Help on optimization

Hello everyone,

I need some help on optimization of a function, which looks like this

# re-edit
SpMatrixListUnion = Union{Vector{SparseMatrixCSC{Float64,Int64}},Vector{SparseMatrixCSC{Complex128,Int64}}}

function avg_V_on_ψ!(
    res::Array{Float64,2},                                # result to write
    vec_list::Vector{Matrix{Float64}},              # a list of V's, 
    OP_list::SpMatrixListUnion                       # a list of O's
    )                                    # the computation is V' * O * V, 
                                         #result is written into Array "res" in a consistent manner
    vl = length(vec_list)
    opl = length(OP_list)
    for i=1:vl
        I,J,V = findnz(OP_list[i])   # helpful when OP_list[i] is a very sparse matrix
        res[:,i] = real.(sum((vec_list[i][I,:]).*broadcast(*,V,vec_list[i][J,:]),1)) # V' * O * V for sparse matrix O
    end
    return nothing
end

For each matrix O=OP_list[i] in OP_list and each vector set V=vec_list[i] in vec_list, compute the average V'*O*V and write result to res. I am working with sparse matrices for O in OP_list, so I have done a first step optimization by using findnz. For really sparse matrices, the result is good but not satisfactory.
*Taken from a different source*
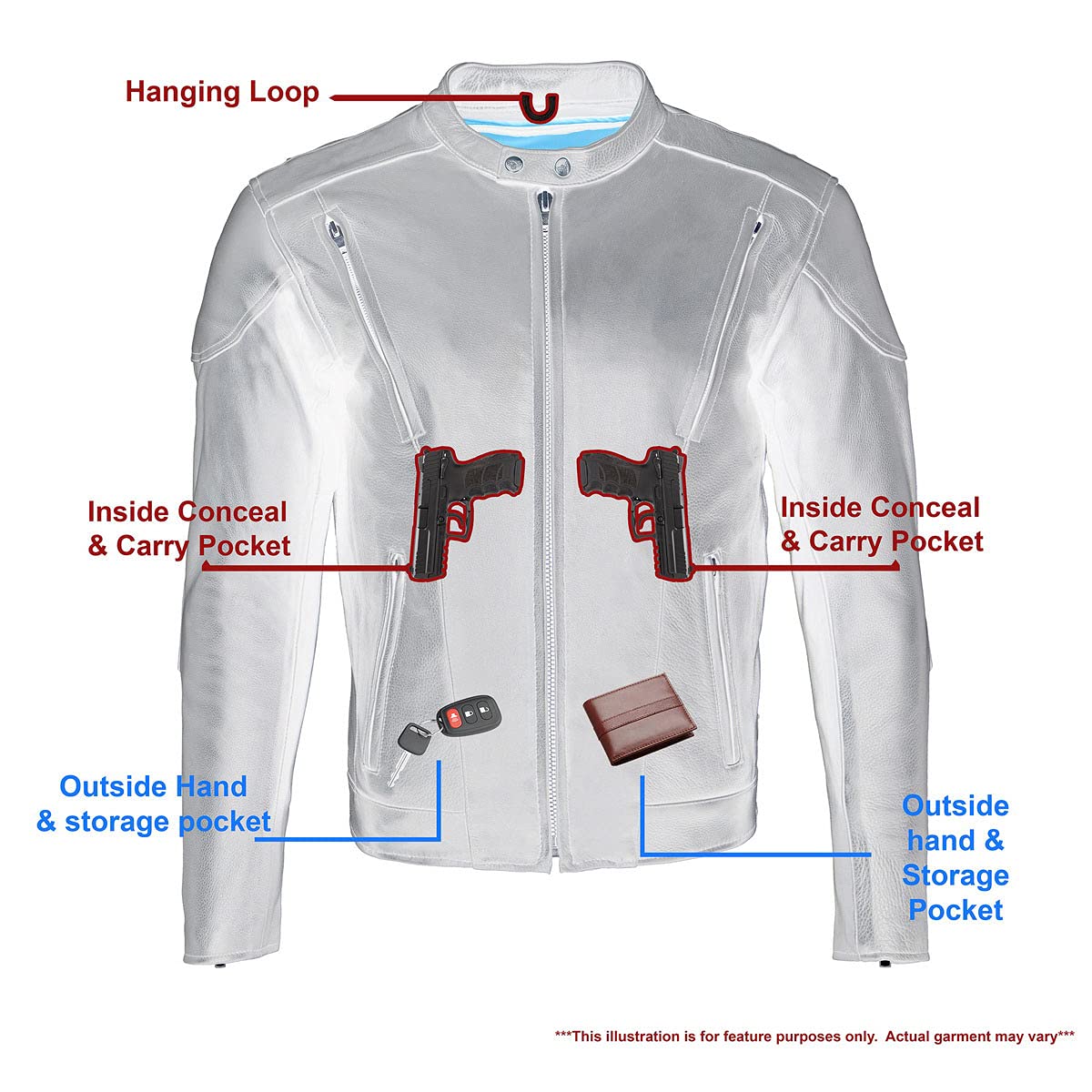 Milwaukee Leather ML1010 Men's Black Side Lace Vented Scooter Jacket - Motorcycle Riding, Casual Wear & Outdoor Adventures
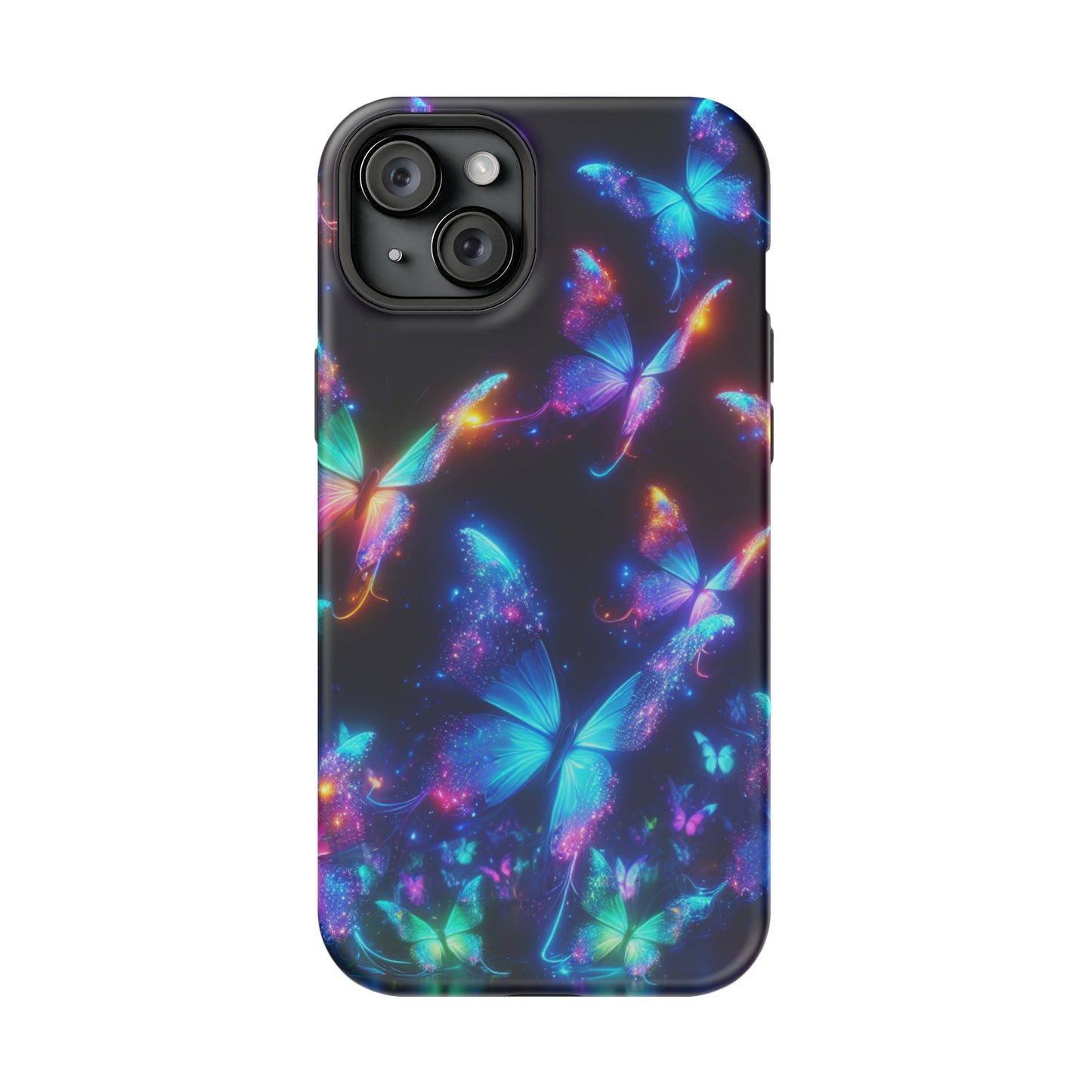 "Electrically Vivid Reverie" Neon Butterflies Premium Art Magsafe Magnet Tough IPhone 13 14 15 Pro Plus Max and Mini in Matte and Glossy Phone cases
It seems to me that there cannot be further reduction on the number of arithmatic operations. So I hope to ask some experienced users for help, to make such function even faster, because it is the only bottleneck in my program …

Thanks in advance in any suggestions!

BTW you can verify the code by running the following test:

# avg_V_on_ψ0 is a slow but guaranteed version for the task

avg_V_on_ψ0(vecs,OP) = [real(dot(vecs[:,k],OP*vecs[:,k])) for k=1:size(vecs)[2]]

# the test

vlist = [rand(400,400) for k=1:300];
oplist = [1000.0sprand(400,400,0.0001) for k=1:300];
res2 = zeros(Float64,400,300);
gc()
@time res1 = [avg_V_on_ψ0(vlist[i],oplist[i]) for i=1:300];
@time avg_V_on_ψ!(res2,vlist,oplist)

# test :  norm should be equal ~
norm(hcat(res1...)-res2)
1 Like

Would you mind quoting your code to make it more readable?

2 Likes

Your code doesn’t run here. I’m assuming that SpMatrixUnion should be SpMatrixListUnion, but then I still get

julia> avg_V_on_ψ!(res2,vlist,oplist)
ERROR: MethodError: no method matching avg_V_on_ψ!(::Array{Float64,2}, ::Array{Array{Float64,2},1}, ::Array{SparseMatrixCSC{Float64,Int64},1})
Closest candidates are:
  avg_V_on_ψ!(::Array{Float64,2}, ::Array{Array{Float64,2},1}, ::Union{SparseMatrixCSC{Complex{Float64},Int64}, SparseMatrixCSC{Float64,Int64}}) at REPL[4]:6

on 0.6.2.

Using views give a meagre 20% improvement:

function avg_V_on_ψ!2(
    res::Array{Float64,2},
    vec_list::Vector{Matrix{Float64}},
    OP_list
    )
    for i=1:length(vec_list)
        I,J,V = findnz(OP_list[i])
        v = vec_list[i]
        vI = view(v, I, :)
        vJ = view(v, J, :)
        res[:,i] = real.(sum(vI .* broadcast(*, V, vJ), 1))
    end
    return nothing
end
2 Likes

Sorry I’ve got a paranoid way of managing types. I have replaced the SpMatrixUnion by SpMatrixListUnion. This time it should work …

Excellent ! Thanks a lot.
It seems that the broadcast function prefers views of matrices, instead of matrices themselves.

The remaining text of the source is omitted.